Ainda que o sobrenome não carregasse uma gota de ascendência asiática, por influência da tia avó Lucy, uma coroa enxuta que casou-se com um coreano nato, criou um apego e respeito pela cultura asiática desde que se conhecia por gente. No subúrbio de Nova Iorque, a casa da família sempre abria uma brecha para conversas e rituais que tia Lucy achasse divertida e interessante, geralmente tentando integrar o pobre marido estrangeiro na família de americanos malucos. Por um bom tempo, a garotinha caçula dos não pareceu se atentar ou dar qualquer atenção à cultura sul-coreana, mas o tempo pareceu pregar pequenas peças sobre seus planos de adolescente do contra.
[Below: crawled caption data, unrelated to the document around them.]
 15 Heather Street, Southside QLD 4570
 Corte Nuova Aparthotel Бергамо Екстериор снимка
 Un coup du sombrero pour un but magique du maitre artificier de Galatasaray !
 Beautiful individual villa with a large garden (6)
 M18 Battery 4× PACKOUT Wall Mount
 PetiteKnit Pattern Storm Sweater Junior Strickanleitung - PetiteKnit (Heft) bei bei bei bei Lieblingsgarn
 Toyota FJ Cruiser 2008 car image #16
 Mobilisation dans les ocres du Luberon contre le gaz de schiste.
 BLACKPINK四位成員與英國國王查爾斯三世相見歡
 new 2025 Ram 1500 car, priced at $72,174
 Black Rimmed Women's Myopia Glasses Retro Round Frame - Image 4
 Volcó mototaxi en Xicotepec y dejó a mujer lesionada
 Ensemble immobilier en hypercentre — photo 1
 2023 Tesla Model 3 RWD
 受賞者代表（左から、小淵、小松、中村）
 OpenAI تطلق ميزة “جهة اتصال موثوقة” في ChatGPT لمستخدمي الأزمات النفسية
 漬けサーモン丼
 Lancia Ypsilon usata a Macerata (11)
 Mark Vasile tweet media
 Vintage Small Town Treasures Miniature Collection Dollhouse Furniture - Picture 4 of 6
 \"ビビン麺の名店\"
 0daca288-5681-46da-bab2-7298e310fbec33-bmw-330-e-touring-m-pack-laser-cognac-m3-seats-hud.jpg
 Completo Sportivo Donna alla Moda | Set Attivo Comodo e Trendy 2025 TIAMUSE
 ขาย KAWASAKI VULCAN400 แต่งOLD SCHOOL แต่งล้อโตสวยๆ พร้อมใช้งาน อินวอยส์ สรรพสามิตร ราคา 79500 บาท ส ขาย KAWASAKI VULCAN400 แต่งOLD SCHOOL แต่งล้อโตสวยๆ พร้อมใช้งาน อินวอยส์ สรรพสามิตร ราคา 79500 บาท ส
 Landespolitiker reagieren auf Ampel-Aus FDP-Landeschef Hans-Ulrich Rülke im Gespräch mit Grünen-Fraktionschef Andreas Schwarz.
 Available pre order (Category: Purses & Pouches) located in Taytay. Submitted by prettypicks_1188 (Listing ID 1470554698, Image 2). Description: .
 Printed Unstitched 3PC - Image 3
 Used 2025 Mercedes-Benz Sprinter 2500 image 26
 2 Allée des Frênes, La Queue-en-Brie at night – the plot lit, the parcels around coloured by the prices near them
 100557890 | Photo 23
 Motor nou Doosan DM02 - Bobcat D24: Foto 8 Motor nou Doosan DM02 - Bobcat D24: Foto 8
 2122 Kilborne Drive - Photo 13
Para sua alegria e enriquecimento cultural, o tio postiço ensinou-a aqui e ali sobre a língua asiática, fazendo com que desenvolvesse uma capacidade acurada em entender o vocabulário com muito mais facilidade do que se quer imaginava. Mal sabia a garotinha, que deveria agradecer diariamente ao tio por todas as dicas que havia recebido, ou jamais teria passado no teste de proficiência aplicado sobre seu currículo.
A vinda para a Coreia foi como um tiro no escuro, uma aposta de loteria: não fazia ideia de como havia parado ali, mas de algum modo, apostou tudo que tinha. Embora tivesse desenvolvido uma carreira acadêmica voltada para a pesquisa e extensão, a síndrome de impostor nunca realmente deixou acreditar que poderia conseguir uma oportunidade internacional, se quer como bolsista de algum projeto. Em um país de primeiro mundo? Jamais, era como um grande plano muito abstrato de sua realidade. Entretanto, depois de sua ficha cair bem em seu colo com o letreiro da universidade em negrito, soube que era palpável. Por alguma razão maluca, havia sido convidada e aceita como bolsista do projeto de pesquisa local, e
sua passagem e estadia seria financiada por todo o governo coreano. Como uma boa artista em ascensão, fez desse limão uma limonada, e arregaçou suas mangas em partida ao outro lado do mundo.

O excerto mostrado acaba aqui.